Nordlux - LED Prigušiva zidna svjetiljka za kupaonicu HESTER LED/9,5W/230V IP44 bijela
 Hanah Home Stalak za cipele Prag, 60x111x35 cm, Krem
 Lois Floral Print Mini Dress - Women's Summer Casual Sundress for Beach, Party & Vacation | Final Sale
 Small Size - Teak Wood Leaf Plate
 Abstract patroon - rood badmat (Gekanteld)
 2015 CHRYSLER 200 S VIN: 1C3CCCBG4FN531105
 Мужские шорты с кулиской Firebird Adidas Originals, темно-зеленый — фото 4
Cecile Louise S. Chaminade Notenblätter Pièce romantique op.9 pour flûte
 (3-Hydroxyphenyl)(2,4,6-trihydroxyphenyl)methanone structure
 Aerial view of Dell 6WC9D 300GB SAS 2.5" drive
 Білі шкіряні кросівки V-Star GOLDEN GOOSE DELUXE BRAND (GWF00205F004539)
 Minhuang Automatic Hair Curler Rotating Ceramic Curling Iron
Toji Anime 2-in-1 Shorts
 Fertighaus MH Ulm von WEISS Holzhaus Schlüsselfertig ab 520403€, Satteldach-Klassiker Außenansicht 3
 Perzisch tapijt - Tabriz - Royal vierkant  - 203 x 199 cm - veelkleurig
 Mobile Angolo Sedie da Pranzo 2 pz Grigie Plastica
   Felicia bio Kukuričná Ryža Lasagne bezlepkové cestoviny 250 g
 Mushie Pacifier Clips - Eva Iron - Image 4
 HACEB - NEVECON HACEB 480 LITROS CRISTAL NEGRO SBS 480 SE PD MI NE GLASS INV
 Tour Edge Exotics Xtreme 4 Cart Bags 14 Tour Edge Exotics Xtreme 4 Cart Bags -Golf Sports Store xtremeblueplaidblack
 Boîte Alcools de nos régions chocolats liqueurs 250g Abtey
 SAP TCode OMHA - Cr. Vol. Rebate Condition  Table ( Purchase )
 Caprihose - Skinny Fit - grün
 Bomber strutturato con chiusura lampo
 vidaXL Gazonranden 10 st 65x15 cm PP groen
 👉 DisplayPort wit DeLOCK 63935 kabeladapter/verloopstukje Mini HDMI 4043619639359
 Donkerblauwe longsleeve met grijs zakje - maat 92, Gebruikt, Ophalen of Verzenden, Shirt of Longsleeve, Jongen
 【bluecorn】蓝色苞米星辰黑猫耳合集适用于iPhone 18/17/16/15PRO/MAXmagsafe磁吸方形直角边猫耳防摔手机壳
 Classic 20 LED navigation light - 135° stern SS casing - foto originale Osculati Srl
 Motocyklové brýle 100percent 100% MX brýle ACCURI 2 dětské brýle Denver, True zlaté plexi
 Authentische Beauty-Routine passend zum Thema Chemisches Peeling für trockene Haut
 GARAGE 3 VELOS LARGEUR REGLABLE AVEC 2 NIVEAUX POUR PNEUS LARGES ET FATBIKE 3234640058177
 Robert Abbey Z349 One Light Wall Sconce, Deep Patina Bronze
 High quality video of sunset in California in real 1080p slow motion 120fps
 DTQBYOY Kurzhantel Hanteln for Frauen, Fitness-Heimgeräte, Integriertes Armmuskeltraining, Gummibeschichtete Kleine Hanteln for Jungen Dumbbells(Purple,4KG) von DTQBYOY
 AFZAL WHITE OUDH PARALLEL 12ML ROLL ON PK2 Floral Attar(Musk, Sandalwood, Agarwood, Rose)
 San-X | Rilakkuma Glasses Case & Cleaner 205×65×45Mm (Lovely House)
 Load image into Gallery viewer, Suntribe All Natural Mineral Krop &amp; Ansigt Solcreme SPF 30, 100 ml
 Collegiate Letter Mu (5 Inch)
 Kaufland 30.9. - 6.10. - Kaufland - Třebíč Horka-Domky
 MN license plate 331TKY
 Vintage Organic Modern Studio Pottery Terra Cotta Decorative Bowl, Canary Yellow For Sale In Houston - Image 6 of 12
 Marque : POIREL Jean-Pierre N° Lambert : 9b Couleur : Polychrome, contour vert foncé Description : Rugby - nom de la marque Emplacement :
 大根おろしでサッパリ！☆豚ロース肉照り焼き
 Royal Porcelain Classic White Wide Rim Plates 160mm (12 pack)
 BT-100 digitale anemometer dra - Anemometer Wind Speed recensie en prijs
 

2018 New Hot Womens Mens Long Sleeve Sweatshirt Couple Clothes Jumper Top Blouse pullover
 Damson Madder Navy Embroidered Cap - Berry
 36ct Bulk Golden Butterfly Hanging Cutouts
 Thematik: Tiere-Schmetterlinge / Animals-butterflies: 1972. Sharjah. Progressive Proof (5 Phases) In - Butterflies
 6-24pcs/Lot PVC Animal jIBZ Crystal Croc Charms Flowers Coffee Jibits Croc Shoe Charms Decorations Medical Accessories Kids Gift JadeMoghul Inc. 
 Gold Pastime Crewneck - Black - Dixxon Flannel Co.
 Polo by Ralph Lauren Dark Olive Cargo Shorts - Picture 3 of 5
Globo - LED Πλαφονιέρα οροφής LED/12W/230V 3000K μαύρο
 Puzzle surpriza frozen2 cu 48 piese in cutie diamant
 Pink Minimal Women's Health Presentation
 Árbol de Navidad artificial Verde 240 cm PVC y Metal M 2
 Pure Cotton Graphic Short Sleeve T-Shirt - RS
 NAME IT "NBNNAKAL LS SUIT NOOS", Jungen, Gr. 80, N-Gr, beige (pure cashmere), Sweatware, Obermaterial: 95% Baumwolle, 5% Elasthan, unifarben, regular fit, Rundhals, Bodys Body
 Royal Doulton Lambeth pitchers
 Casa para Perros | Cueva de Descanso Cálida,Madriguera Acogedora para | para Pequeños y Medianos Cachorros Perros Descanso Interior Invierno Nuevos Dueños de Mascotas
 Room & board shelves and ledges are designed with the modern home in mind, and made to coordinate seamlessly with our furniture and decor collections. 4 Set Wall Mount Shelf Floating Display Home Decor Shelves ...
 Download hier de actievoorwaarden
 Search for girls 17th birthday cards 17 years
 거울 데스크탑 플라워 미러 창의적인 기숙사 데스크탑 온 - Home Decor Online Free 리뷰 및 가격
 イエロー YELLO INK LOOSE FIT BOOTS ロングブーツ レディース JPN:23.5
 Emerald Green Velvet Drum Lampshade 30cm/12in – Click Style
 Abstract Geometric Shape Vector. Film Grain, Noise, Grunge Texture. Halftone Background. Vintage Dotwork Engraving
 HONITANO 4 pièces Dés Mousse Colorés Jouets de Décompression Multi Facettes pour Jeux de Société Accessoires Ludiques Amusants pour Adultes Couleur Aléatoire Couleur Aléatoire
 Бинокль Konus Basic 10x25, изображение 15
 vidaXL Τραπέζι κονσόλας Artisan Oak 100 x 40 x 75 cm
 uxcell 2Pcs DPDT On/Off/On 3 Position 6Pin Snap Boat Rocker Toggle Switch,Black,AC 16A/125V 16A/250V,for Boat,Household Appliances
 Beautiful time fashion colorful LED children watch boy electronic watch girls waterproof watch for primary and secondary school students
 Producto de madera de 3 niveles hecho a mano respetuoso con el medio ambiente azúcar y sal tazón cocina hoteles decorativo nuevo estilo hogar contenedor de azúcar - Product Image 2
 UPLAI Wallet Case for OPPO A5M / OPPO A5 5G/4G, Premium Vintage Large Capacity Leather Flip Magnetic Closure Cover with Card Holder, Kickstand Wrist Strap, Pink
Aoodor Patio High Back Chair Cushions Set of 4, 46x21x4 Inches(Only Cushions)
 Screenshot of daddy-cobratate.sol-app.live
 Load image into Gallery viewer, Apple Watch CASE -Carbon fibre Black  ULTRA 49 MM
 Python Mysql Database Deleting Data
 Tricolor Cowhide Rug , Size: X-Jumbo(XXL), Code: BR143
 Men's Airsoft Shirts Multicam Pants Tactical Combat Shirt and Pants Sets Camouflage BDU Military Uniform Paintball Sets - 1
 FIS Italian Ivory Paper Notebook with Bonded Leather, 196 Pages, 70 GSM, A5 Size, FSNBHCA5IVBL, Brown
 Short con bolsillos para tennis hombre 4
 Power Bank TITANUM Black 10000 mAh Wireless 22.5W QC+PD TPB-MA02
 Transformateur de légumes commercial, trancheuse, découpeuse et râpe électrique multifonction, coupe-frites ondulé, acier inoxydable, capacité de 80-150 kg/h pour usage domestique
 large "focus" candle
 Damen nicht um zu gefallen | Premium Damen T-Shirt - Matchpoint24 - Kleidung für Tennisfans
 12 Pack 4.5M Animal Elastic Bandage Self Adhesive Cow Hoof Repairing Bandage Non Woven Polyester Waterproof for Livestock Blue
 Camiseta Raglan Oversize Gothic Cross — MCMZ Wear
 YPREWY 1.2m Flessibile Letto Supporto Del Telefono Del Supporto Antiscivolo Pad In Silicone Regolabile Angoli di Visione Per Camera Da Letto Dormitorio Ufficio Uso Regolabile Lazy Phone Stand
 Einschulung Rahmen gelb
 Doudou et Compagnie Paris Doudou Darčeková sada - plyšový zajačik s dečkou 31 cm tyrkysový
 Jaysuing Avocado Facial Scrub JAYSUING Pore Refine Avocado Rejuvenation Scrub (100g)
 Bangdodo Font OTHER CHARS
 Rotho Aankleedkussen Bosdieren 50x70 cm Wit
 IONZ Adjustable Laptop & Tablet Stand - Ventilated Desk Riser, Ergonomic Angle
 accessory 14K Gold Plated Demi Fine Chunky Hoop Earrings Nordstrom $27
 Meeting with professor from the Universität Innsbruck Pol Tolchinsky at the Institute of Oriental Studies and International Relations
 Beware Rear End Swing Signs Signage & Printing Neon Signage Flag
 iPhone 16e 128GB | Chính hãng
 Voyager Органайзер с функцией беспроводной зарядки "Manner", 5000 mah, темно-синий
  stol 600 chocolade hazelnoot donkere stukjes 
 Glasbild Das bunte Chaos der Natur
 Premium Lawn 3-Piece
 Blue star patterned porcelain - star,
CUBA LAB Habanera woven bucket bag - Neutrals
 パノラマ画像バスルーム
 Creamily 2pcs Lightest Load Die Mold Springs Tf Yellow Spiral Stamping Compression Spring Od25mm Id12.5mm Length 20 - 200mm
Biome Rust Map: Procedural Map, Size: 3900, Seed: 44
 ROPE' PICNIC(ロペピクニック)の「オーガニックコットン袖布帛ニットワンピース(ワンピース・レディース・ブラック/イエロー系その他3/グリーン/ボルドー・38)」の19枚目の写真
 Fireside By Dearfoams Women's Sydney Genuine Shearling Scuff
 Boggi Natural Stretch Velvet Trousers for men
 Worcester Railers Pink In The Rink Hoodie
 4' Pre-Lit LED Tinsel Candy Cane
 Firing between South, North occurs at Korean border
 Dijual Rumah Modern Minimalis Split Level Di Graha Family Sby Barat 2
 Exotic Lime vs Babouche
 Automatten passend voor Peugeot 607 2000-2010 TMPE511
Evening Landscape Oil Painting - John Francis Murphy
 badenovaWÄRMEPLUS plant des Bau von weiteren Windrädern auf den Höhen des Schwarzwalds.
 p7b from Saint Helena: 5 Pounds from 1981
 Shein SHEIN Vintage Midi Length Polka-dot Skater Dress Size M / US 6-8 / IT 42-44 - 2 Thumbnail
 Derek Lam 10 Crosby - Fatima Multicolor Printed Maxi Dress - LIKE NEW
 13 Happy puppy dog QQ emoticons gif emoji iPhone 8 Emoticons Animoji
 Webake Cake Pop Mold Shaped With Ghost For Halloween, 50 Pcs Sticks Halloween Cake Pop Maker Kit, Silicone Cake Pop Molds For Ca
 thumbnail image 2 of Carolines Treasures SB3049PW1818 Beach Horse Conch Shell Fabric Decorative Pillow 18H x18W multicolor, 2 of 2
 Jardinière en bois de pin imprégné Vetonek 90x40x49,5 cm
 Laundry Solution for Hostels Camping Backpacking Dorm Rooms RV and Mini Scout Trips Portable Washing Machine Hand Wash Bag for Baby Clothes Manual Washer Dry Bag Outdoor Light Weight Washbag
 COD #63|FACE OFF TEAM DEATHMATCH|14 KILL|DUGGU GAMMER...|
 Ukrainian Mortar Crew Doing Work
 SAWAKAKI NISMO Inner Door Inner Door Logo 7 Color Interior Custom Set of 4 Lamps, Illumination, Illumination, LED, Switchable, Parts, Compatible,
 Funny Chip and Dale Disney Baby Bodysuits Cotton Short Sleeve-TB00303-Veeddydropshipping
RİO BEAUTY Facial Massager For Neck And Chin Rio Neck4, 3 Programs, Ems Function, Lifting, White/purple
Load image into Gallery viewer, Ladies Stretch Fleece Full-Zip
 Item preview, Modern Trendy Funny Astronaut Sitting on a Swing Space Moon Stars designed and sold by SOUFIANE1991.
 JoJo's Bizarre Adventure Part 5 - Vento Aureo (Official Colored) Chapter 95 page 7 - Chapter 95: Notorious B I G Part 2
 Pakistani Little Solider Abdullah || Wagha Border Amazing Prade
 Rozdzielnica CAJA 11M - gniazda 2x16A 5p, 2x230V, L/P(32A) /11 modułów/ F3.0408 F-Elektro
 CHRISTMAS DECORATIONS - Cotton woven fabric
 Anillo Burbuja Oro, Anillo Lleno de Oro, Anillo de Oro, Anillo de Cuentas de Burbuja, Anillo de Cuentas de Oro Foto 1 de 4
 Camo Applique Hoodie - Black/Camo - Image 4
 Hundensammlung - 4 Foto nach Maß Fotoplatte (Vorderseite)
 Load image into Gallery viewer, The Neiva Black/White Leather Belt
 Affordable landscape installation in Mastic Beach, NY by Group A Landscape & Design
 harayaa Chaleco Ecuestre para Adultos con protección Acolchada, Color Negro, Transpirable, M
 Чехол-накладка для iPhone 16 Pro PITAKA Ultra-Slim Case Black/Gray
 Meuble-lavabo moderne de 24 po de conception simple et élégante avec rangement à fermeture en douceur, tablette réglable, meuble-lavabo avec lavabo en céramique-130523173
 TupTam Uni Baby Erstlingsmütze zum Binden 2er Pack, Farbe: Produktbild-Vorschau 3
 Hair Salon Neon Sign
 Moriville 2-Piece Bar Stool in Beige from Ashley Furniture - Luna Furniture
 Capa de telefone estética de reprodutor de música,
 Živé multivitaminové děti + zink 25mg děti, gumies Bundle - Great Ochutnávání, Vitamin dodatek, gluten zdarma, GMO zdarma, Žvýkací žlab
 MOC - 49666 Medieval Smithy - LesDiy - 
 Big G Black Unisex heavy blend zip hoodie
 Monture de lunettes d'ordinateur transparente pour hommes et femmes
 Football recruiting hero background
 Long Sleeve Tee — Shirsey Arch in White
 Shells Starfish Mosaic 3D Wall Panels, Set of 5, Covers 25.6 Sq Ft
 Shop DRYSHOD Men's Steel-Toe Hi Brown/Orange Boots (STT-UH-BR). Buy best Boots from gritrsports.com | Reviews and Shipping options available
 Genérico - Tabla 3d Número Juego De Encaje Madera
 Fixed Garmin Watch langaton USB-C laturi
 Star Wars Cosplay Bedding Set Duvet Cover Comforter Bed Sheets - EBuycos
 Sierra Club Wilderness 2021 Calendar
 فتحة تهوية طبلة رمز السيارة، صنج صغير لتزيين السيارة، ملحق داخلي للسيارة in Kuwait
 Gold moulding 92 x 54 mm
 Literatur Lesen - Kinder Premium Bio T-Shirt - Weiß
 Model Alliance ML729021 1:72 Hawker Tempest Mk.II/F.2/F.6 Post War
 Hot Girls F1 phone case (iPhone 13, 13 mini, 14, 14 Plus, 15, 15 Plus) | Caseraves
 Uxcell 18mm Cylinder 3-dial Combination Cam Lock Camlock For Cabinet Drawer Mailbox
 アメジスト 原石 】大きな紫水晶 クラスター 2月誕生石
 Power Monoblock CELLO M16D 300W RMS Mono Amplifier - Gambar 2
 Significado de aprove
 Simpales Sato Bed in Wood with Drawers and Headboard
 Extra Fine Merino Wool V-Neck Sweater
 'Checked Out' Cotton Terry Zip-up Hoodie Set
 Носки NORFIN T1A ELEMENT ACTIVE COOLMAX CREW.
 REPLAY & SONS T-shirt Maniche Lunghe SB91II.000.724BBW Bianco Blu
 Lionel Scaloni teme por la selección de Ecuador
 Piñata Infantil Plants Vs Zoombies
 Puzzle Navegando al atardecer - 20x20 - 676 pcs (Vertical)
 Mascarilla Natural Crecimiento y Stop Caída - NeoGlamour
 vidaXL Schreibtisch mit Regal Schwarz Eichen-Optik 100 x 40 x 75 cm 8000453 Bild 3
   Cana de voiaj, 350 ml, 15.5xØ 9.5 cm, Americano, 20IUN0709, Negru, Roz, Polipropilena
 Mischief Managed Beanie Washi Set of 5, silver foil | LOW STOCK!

[DIRECTIONS FOR THIS TASK]:
One stretch of the lines above is wanted, from the line that contains "Funny Chip and" through the line that contains "Load image into Gallery viewer, Ladies". Output it exactly.

[COMPLETED TASK]:
 Funny Chip and Dale Disney Baby Bodysuits Cotton Short Sleeve-TB00303-Veeddydropshipping
RİO BEAUTY Facial Massager For Neck And Chin Rio Neck4, 3 Programs, Ems Function, Lifting, White/purple
Load image into Gallery viewer, Ladies Stretch Fleece Full-Zip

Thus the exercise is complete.